Work request:
Look through the records below for the line with "stupell industries S.H." and the line with "Tauri WoW - TeamWork", then return those lines and all lines between, exactly.

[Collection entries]
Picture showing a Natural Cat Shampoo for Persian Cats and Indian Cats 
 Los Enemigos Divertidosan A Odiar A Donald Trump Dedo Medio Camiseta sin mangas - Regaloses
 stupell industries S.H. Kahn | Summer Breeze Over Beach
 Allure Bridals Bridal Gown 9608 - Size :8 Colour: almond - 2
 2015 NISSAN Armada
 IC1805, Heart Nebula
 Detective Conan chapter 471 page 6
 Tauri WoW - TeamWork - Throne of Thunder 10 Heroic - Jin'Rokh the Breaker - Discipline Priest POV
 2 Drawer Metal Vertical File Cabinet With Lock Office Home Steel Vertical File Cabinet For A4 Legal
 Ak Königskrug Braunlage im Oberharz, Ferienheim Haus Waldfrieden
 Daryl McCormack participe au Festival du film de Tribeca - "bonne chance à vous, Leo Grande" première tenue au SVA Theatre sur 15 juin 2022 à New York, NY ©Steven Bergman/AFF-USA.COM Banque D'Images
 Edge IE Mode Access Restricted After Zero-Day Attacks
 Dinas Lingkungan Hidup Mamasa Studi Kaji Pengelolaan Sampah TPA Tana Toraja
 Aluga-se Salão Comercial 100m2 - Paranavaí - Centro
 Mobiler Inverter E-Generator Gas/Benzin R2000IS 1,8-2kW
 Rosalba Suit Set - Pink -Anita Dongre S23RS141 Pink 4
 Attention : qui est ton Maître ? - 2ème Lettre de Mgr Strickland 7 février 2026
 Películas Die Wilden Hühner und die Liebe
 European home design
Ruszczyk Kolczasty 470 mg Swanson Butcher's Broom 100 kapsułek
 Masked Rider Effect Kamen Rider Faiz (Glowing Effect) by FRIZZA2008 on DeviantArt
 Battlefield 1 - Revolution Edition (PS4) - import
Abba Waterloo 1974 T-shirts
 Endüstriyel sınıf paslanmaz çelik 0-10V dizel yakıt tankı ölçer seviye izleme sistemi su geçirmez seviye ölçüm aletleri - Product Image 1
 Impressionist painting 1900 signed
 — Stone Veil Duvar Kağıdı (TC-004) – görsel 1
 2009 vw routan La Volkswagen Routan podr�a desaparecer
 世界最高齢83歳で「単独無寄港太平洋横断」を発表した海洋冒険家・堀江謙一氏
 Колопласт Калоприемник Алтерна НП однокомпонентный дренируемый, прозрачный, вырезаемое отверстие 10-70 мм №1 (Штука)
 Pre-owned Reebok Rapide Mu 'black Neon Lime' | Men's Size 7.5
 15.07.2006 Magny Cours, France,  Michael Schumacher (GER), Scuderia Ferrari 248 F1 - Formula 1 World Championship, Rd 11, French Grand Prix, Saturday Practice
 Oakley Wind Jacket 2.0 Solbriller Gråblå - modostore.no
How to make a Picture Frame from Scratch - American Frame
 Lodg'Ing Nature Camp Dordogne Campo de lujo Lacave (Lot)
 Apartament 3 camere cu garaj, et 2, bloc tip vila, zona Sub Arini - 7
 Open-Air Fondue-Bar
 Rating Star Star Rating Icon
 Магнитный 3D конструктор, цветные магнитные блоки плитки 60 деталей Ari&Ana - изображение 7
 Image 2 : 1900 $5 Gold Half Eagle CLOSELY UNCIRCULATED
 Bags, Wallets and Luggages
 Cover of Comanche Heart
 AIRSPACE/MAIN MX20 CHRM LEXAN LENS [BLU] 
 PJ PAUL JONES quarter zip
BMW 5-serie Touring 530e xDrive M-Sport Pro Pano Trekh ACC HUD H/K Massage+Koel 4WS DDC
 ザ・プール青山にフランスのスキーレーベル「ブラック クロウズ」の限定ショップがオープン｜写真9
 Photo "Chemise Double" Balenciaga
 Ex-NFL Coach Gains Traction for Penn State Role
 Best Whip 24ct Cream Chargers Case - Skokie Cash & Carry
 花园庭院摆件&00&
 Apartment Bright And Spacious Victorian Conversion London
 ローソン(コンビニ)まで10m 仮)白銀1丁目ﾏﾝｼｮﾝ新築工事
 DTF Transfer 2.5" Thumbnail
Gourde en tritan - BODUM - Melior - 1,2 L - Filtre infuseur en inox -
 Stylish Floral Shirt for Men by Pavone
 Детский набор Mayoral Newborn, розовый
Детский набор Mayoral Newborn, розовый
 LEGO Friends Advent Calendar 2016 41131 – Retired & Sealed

Finished exercise:
 stupell industries S.H. Kahn | Summer Breeze Over Beach
 Allure Bridals Bridal Gown 9608 - Size :8 Colour: almond - 2
 2015 NISSAN Armada
 IC1805, Heart Nebula
 Detective Conan chapter 471 page 6
 Tauri WoW - TeamWork - Throne of Thunder 10 Heroic - Jin'Rokh the Breaker - Discipline Priest POV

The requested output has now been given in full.